Borrowing heavily from the Seventh Circuit’s decision last August in the highly visible IBM case, the Third Circuit Court based in Philadelphia on Tuesday rejected a claim that PNC Bank violated the age discrimination provisions of federal pension law by its 1999 switch to a “cash balance” plan. The ruling came in the case of Register, et al., v. PNC Financial Services Group (Circuit docket 05-5445). (Thanks to Howard Bashman of How Appealing blog for the alert to the new ruling. Howard has provided a link to the Register opinion.)
Under “cash balance” pension plans, a hypothetical amount of credit is added to each worker’s pension account each year. A traditional defined benefit plan spells out what a retiree will get in monthly pension checks, while a cash balance plan defines benefits in terms of each worker’s account balance. A cash balance plan’s annual credits thus build up pre-retirement. Because younger workers who are in such a plan receive more such interest credits, because they will be in it for a longer time before retirement, older workers have contended in a wide array of lawsuits that this violated the Employee Retirement Income Security Act’s ban on age discrimination in defined benefit plans.
The Third Circuit, saying that “much is at stake here,” concluded that the challengers were focusing wrongly on the potential output of a cash balance plan upon retirement. The focus, the Court said, should be on the inputs — the credits added to each employee’s account annually. All participants get the same interest credit added to their accounts each year, so there is no age-related bias, the Court found. Its reasoning closedly tracked that of the Seventh Circuit in the IBM litigation.

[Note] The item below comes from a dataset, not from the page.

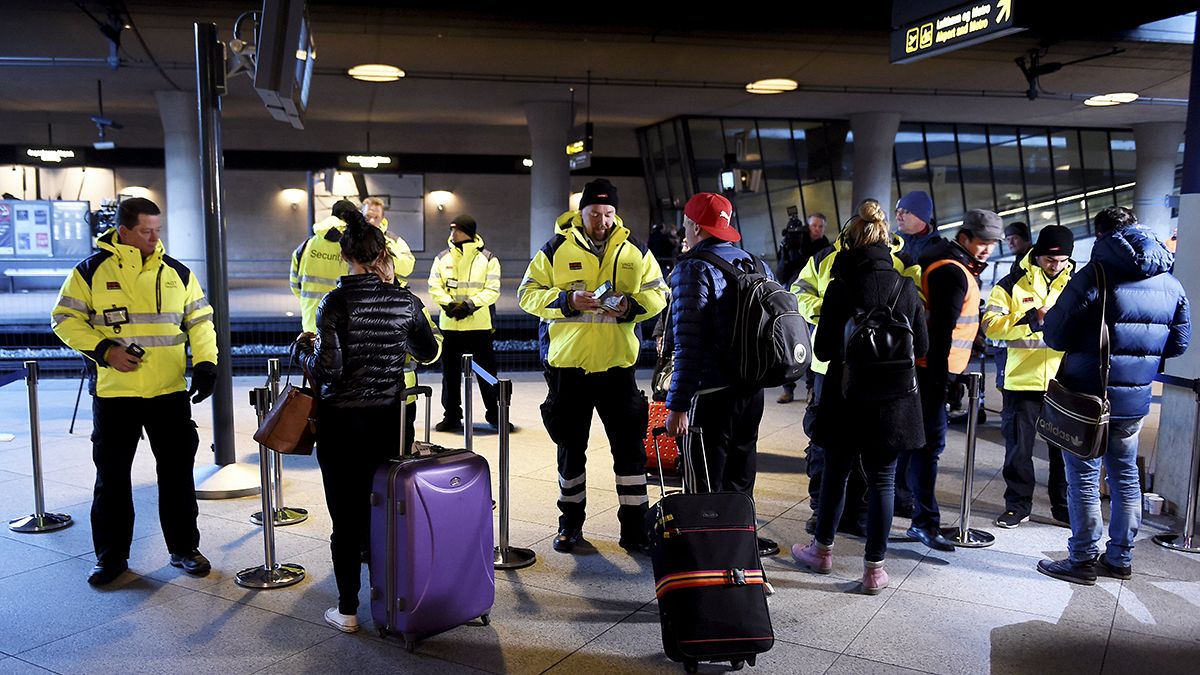 Дания вслед за Швецией восстановила контроль на границе с ФРГ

What an employer puts into a worker’s pension plan, the Third Circuit said, is more valuable when contributions are made to younger employees since the contributions “have a longer time to grow. That unremarkable consequence of a contribution growing in value because of earnings on it is no different than that when a bank deposit is drawing interest. The longer the deposit remains in the bank in an interest bearing account, the more it is worth. We do not find any support for [the] argument that Congress wanted to prohibit such a consequnece with respect to cash balance plans…”
The Court noted that District Courts within the Second Circuit had divided on the issue. “It seems to us to be inevitabvle that the Curt of Appeals for the Second Circuit ultimately will decide the discriminatioin issue for that circuit.” But it added that it had considred the conflicting views of the district courts in that circuit.